So with the information above as well as a few other studies we can start to put together a picture of how much our Congestion Free Network might cost. Like with the maps yesterday, I’m going to break down the spending by into the groups of 2020, 2025 and 2030.
City Rail Link – The ITP lists this as $2.6 billion but we also know that the figure includes other items such as more electric trains – something also included in EMU line item. The most recent cost figures we have seen suggest that the actual cost is more like $2.2 billion including the extras and even that is likely to come down further, especially after the announcement earlier this week. For this we are going to use the figure of $2.2 billion.
Electrification to Pukekohe – Another project that seems to be over estimated in the ITP (there are quite a few of them). The recent business case suggests that this project will cost $102 million.
Mt Roskill Branch – This one is hard for us to say for certain as it isn’t on any plans and as far as we’re aware, not study has yet been done. The project does have a number of things in its favour however. The primary one is that the corridor is already designated and Kiwirail already own much of the land. Further as part of the motorway works in recent years the NZTA has already built many of the bridges with spans ready for the rail line to be placed under them. Perhaps the best example for us to use for estimating the cost is the new spur to Manukau. That was in a similar position as much of the work was done along with the associated motorway construction. It ended up costing approximately $50 million to do around 1.5km of track and a station in a trench. A spur from Avondale to Dominion Rd would be approximately 3.6km in length but wouldn’t need a trenched station. Accounting also for grade separation of New North Rd, we think that a total cost of ~$150 million would be about right.
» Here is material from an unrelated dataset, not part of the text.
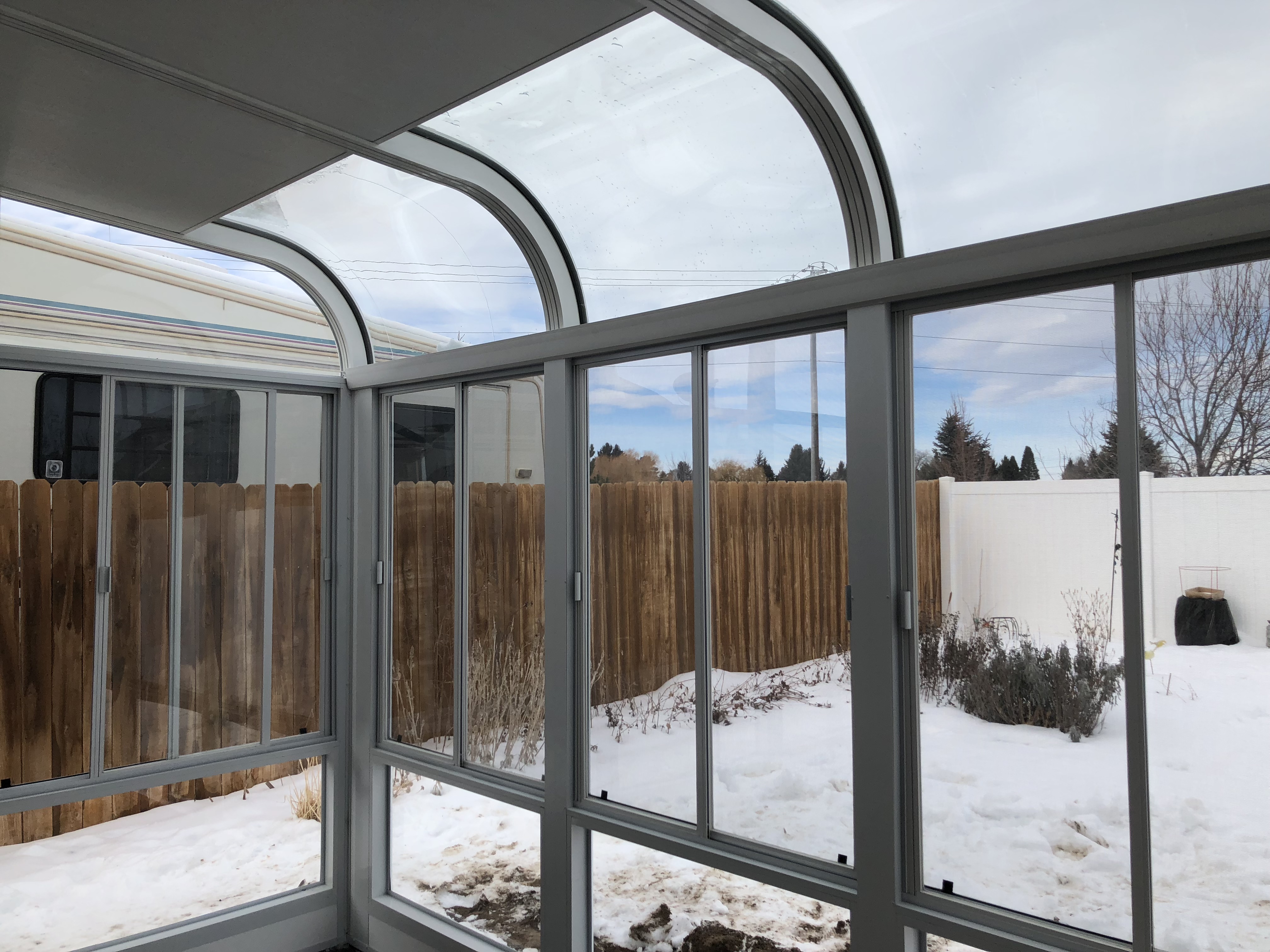 Curved Eave Sunroom for Twin Falls Idaho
Electric trains – The ITP lists the cost of trains and the depot at $980 million. We know that the current batch of trains is costing us around $540 million while the depot is another $100 million. The difference between these two figures and the $980 million quoted in the ITP would allow for around 37 more trains which is enough to run additional services needed for the CRL and proposed extensions so we will leave the cost as it is.
Northern Busway Extensions – This comes in two parts. At the Northern end we are proposing the busway be extended to Albany. A recent OIA request by one of our readers put the cost of that at $250 million (we will have a post on this in the next few days). At the city end there is definitely a need to improve bus access through the CBD and the ITP lists another $250 million for this.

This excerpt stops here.